If any of this context is missing, stop and ask the DEV.

Mandatory DEV questions

•Which user-facing flows are most critical to uptime or trust?
•What failures or slowdowns are observed most often?
•Where do failures originate (own code vs dependencies)?
•What level of failure is acceptable before users notice or complain?
•Are there explicit or implicit SLOs today?

Repo Signals (observation)

Capture only observable facts from a quick repo scan. If something is unclear, record it as Unknown and confirm with the DEV.

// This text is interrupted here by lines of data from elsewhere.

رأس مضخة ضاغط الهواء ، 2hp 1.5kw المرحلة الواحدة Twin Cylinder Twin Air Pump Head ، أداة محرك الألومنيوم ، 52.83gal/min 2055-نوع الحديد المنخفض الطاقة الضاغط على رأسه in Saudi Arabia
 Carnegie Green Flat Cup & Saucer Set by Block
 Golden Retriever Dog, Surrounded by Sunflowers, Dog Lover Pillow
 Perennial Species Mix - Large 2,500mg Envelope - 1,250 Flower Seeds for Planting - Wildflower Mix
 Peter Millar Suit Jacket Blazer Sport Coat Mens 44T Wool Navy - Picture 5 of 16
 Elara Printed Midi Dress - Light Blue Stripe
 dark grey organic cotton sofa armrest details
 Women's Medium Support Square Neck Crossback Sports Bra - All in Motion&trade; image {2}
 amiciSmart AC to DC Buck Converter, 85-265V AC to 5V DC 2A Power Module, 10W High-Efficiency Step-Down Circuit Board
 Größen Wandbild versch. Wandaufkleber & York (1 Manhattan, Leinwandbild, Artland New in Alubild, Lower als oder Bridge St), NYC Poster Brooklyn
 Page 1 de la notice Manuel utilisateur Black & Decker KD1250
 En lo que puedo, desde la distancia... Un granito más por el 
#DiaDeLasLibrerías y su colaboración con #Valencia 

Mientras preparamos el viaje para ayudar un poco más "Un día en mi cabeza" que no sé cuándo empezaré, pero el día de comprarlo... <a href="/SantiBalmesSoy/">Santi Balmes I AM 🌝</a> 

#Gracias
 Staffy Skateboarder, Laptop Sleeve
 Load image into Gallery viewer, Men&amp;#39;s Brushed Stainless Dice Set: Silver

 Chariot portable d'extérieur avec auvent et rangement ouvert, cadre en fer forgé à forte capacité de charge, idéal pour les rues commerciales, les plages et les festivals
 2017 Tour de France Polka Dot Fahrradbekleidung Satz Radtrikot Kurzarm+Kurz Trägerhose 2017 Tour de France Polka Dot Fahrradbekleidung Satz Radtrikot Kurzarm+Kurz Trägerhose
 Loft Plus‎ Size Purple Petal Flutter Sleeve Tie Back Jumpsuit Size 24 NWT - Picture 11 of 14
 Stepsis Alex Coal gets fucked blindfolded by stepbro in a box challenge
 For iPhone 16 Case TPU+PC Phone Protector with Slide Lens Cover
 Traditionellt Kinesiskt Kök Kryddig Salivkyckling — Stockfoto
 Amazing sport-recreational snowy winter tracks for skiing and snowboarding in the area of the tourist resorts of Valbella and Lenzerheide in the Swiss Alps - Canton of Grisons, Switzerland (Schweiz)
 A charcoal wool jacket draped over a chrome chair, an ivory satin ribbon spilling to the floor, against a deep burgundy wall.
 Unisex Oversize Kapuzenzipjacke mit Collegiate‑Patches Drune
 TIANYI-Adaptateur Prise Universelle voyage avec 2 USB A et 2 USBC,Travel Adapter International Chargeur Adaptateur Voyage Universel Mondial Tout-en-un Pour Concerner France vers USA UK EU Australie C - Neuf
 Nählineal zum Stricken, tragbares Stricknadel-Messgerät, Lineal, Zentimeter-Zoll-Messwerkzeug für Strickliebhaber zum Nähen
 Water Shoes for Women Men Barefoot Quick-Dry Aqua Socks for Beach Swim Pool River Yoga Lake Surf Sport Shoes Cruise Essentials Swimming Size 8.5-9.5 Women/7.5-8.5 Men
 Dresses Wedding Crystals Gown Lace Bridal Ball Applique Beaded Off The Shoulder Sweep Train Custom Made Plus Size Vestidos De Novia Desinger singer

•Stack: Languages, runtimes, frameworks
•Architecture shape: Monolith, services, background workers, APIs
•Dependency handling: Presence of timeouts, retries, queues, async boundaries
•Error handling: Centralized vs ad-hoc, typed vs generic
•Testing maturity: Coverage of failure scenarios (if any)
•CI/CD: Release frequency and rollback capability
•Observability: Logs, metrics, traces, alerts (or absence of them)

Do not infer intent. Only record what is visible.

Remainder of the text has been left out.